Gulliver this afternoon examines whether we might want to examine them:
A new academic paper [PDF] from John Mueller (of The Ohio State University) and Mark Stewart (of the University of Newcastle in Australia) attempts to determine whether the return on investment justified those huge expenditures. ... [T]he findings in this paper are truly remarkable. By 2008, according to the authors, America's spending on counterterrorism outpaced all anti-crime spending by some $15 billion. Messrs Mueller and Stewart do not even include things like the wars in Iraq and Afghanistan (which they call "certainly terrorism-determined") in their trillion-plus tally.
"[A] most common misjudgment has been to embrace extreme events as harbingers presaging a dire departure from historical patterns. In the months and then years after 9/11, as noted at the outset, it was almost universally assumed that the terrorist event was a harbinger rather than an aberration. There were similar reactions to Timothy McVeigh’s 1995 truck bomb attack in Oklahoma City as concerns about a repetition soared. And in 1996, shortly after the terrorist group Aum Shinrikyo set off deadly gas in a Tokyo subway station, one of terrorism studies' top gurus, Walter Laqueur, assured the world that some terrorist groups 'almost certainly' will use weapons of mass destruction 'in the foreseeable future.' Presumably any future foreseeable in 1996 is now history, and Laqueur’s near 'certainty' has yet to occur."

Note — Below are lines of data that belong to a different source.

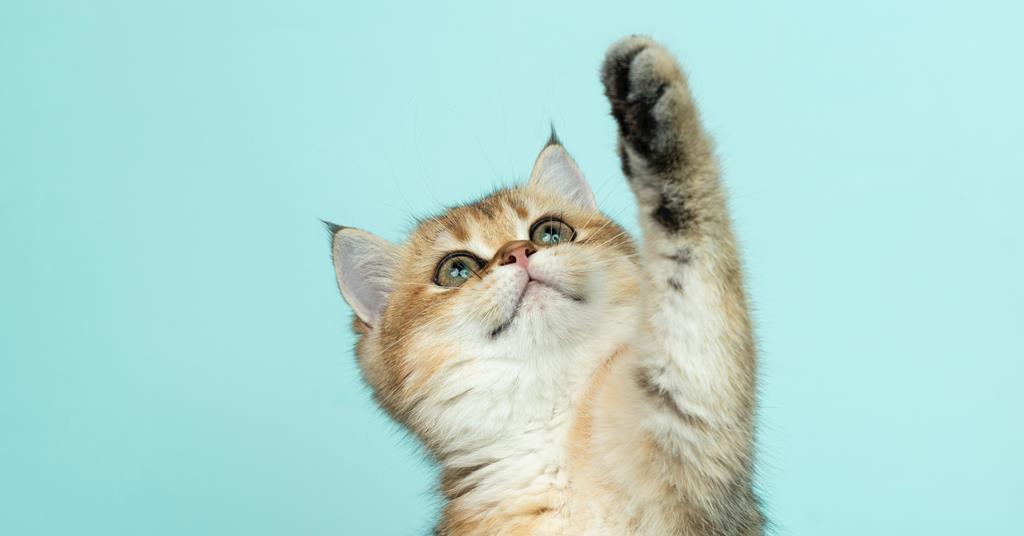 Applaws cancels Fold Hill production until cat deaths cause known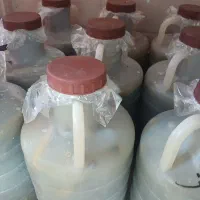 خیارشور تازه امسال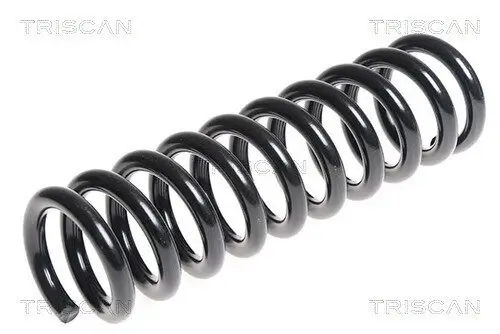 Fahrwerksfeder Hinterachse TRISCAN 8750 4401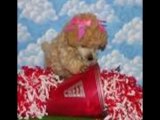 Poodle Puppies from Breeders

The paper also found that anti-terror spending has outpaced anti-crime spending by some $15 bn, despite crime costing society significantly more. The paper doesn't go into the politics of why this might be so, but I'll hazard a guess that cutting crime benefits more people a little while spending on anti-terror measures benefits a few people quite a bit. Lowering the likelihood that my car will suffer $300 in damage from a break-in has less immediacy than a $30m contract for a new security gadget would were I in that line of business.